Under this line is a listing; return exactly the lines starting at the one with "MackinCaliAllDay online show" and running down to the one with "Thumbnail: 2022 Toyota Highlander - 20", and leave out its pictures.

- _ENTRIES PROVIDED_
══════════
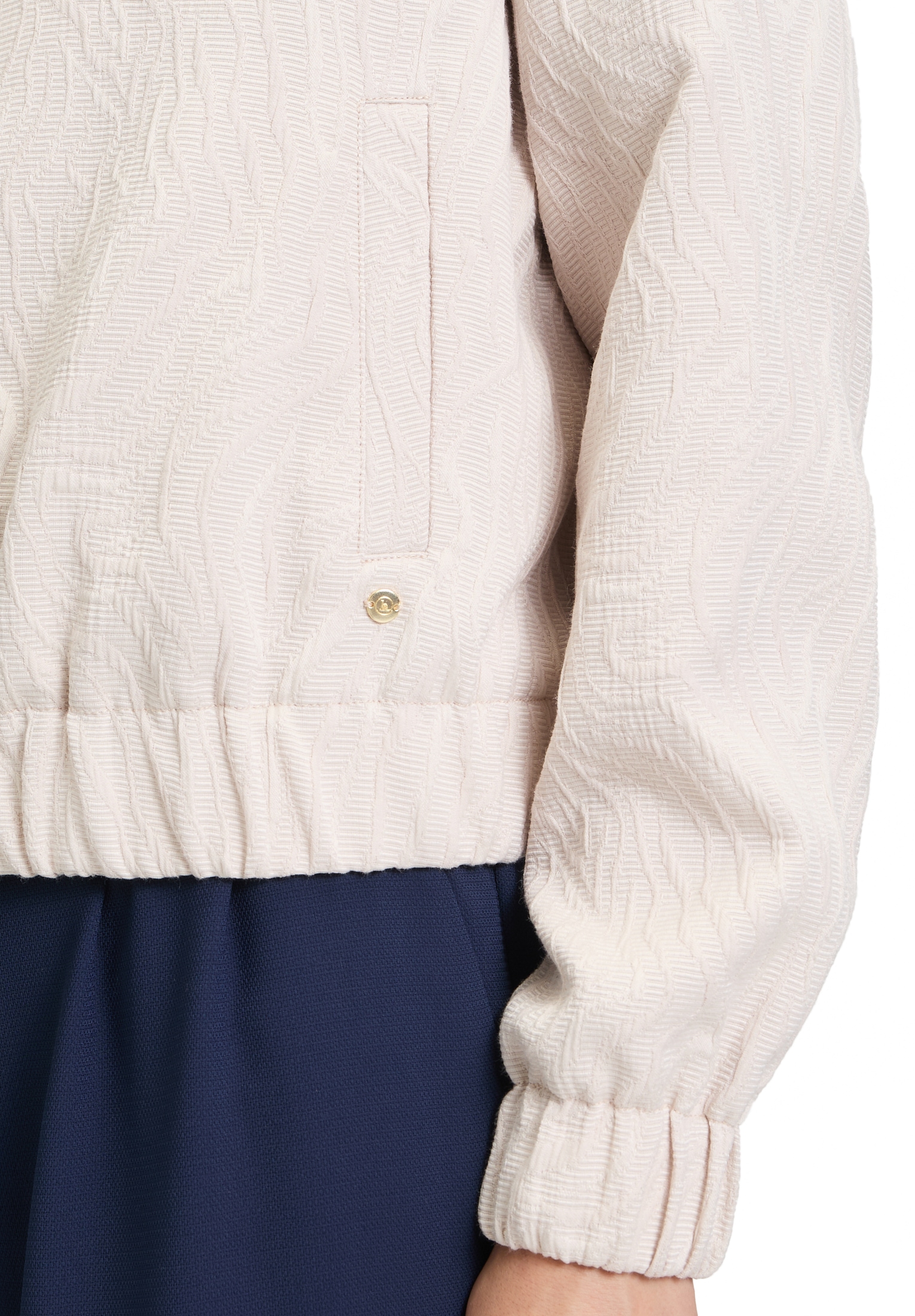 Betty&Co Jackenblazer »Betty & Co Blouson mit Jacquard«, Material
══════════
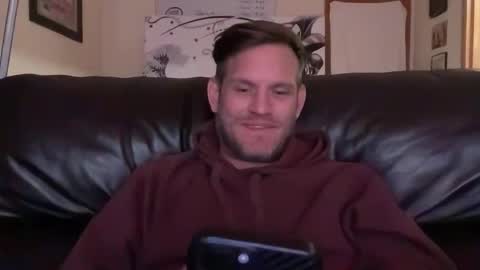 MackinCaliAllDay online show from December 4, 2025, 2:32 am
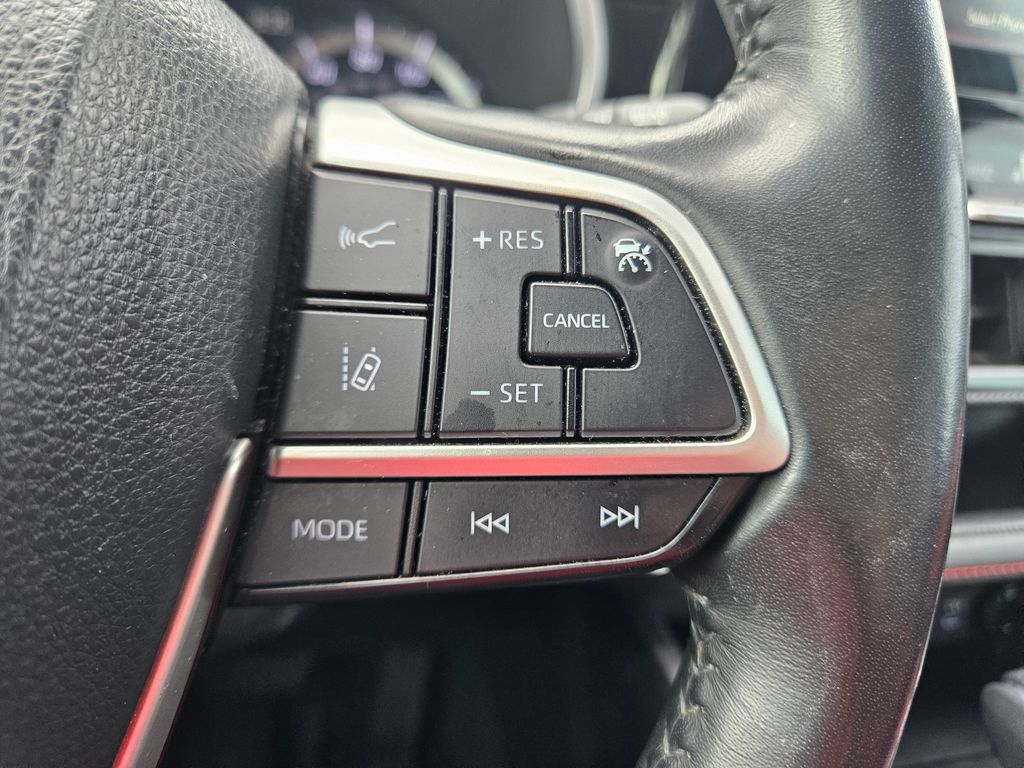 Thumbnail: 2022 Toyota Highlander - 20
══════════
- _RESPONSE BELOW_
 MackinCaliAllDay online show from December 4, 2025, 2:32 am
 Thumbnail: 2022 Toyota Highlander - 20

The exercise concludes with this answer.